Aiming to keep overextended borrowers in their homes, judges and trustees in the federal bankruptcy court system have helped set up a service intended to speed the modification of troubled mortgages.
Image: foreclosed home
The “Debtors Counsel Loss Mitigation Web Portal” is intended to keep troubled borrowers out of foreclosure and bankruptcy court, but critics say it will accomplish little, apart from making millions of dollars for its creator. Ethan Miller / Getty Images file

Aiming to keep overextended borrowers in their homes, judges and trustees in the federal bankruptcy court system have helped a small Kentucky firm set up a nationwide service intended to speed the modification of troubled mortgages.

But the court system’s unusual support for the private project, which some supporters believe could also help stem a surge in bankruptcies, has divided debtor attorneys, some of whom believe their colleagues have gotten in bed with the enemy and others who say it is just one potential tool to clean up a giant mess.

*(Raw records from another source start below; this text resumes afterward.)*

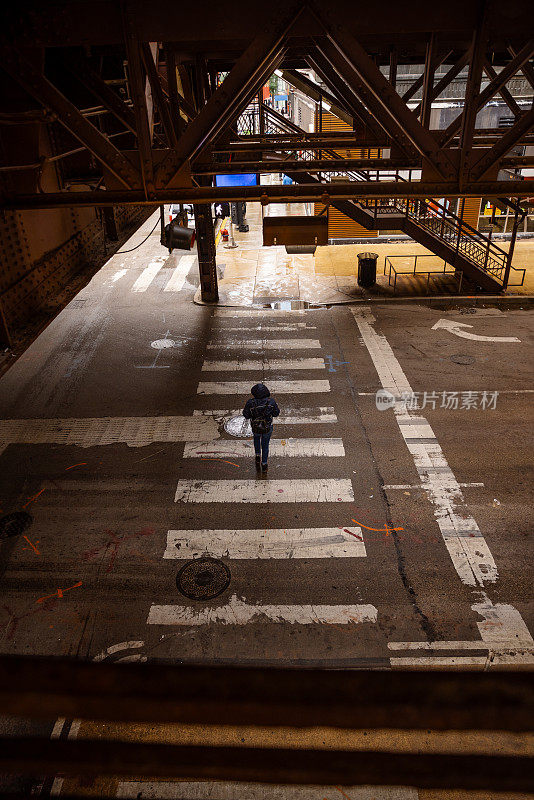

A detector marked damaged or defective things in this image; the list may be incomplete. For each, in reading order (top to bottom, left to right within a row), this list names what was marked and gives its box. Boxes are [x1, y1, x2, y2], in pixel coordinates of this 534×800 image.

rusty metal beam [0, 43, 142, 189]
rusty metal beam [63, 52, 139, 136]
rusty metal beam [142, 42, 180, 148]
rusty metal beam [156, 5, 306, 189]
rusty metal beam [3, 179, 532, 209]
rusty metal beam [314, 7, 460, 180]
rusty metal beam [440, 39, 534, 146]
rusty metal beam [474, 106, 534, 180]
rusty metal beam [1, 736, 532, 792]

It could, however, make millions for its creator.

The idea behind the “Debtors Counsel Loss Mitigation Web Portal”  is simple, owner Joseph C. Smith II told msnbc.com in an interview. Attorneys representing troubled borrowers can use a single Web site to communicate with many mortgage servicers and lenders about changing the terms of loans. The servicers and lenders, in turn, can consolidate their work on such requests.

“It’s not rocket science,” said Smith, who has been working in loan modification and loss mitigation since 2003, after quitting the mortgage industry to escape its “corrupt practices.”

As the nation braces for a second straight year in which home foreclosures are expected to reach well above 2 million and bankruptcies over 1 million, one of the toughest problems remains the inability of many troubled borrowers to get viable modifications of mortgages they can no longer afford.

The mortgage industry, eager to avoid legislation allowing bankruptcy judges to rewrite home mortgages and to maintain the flow of taxpayer bailout funds, says it is working hard to modify as many loans as possible.

Bankruptcy and consumer attorneys dispute that, maintaining that servicers are notoriously hard to reach and generally show little interest in negotiating new loan terms. Often that’s because the loans are held in securitized trusts with many different investors and agreements that virtually forbid modifications, they say. Disappointing results from other efforts to modify loans, such as the federally backed Hope Now Alliance, support their claims, they say.

‘What are you going to offer?’
Enter Smith and his portal. “The commitments on both sides are very clear cut,” he said, explaining that debtors’ attorneys enter the information about the borrower and the loan, and the servicers agree to respond in seven days. The system impartially tracks what both sides do.

Image: Joseph C. Smith II
Joseph C. Smith II

“It’s a very interactive process that’s able to happen out of this very quickly,” said Smith. “That really is what it boils down to. Is there something viable here to work with? What are you going to offer?”

Backers of the portal said that in addition to helping borrowers and servicers, it could lubricate Chapter 13 proceedings, which can be used to halt foreclosure, by letting trustees and judges know what concessions mortgage servicers are willing to make. In best-case scenarios, they said, the portal could help keep some debtors in their homes and out of bankruptcy altogether.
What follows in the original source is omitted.